I can't be too judgemental, because upon hearing Personal Shopper and Emminent Sleaze, I too was initially taken aback. Perhaps, it was the female singers, the electronic instrumentation or the more immediate sound, but I shouldn't have been surprised. Steven has never been shy about his love of all kinds of music, including pop. He has unabashedly noted Abba and Prince as two of his favorites. Also, his other projects, Blackfield and No-Man are definitely more pop than prog.
As with the work of any musician that I admire, I gave this album a proper chance and it certainly paid off.
Considering all the elements of this album, the shock and awe reaction to it is surprising and I would dare say, misguided. Though the music contained within its nine tracks is somewhat different, this is also unmistakenly the work of Steven Wilson. He once again has followed his own musical path and is willing to shake things up artistically. Though I understand expectations and disappointment, anyone who considers this to be an example of modern pop, hasn't heard the top 40 in a very long time.

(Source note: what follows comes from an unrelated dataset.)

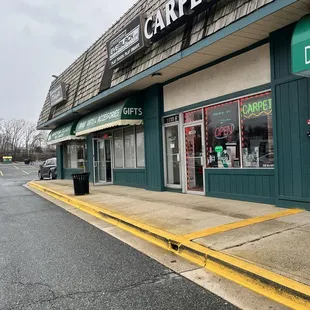 the front of a carpet express store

The aforementioned tracks are probably the most unlike his previous work, but who else could record a song quite like Personal Shopper? The same could be said for Unself/Self, King Ghost, Man of the People, Follower and Count of Unease. All of these songs bring an effective new twist to Wilson's diverse signature style.
12 Things I Forgot, a highlight, is more traditional, but still fits the overall tone of the album. Nothing here reflects the overt, classic prog of The Raven Who Refused to Sing or much of Hand Cannot Erase. Regardless, these compositions are compelling, the performances top notch and the production values, stellar. In fact, this is one of the best sounding albums I've heard in years.
The Future Bites could be placed in the same category of progressive music by bands like Tears for Fears, XTC or Talk Talk. The material is less organic and more accessible than much of Wilson's previous work, but it is also undeniably artistic and memorable. Ultimately, this release stands as another noteworthy achievement in a career that is overflowing with them.
Adhering to the 'less is more' length of classic albums, it is a brisk and potent 42 minutes. However, for those wanting more, the special edition box set contains an additional six new songs, and he has also released a b-sides collection of other tracks recorded in the same sessions. That set includes a very good remake of Lonely Robot's, In Floral Green.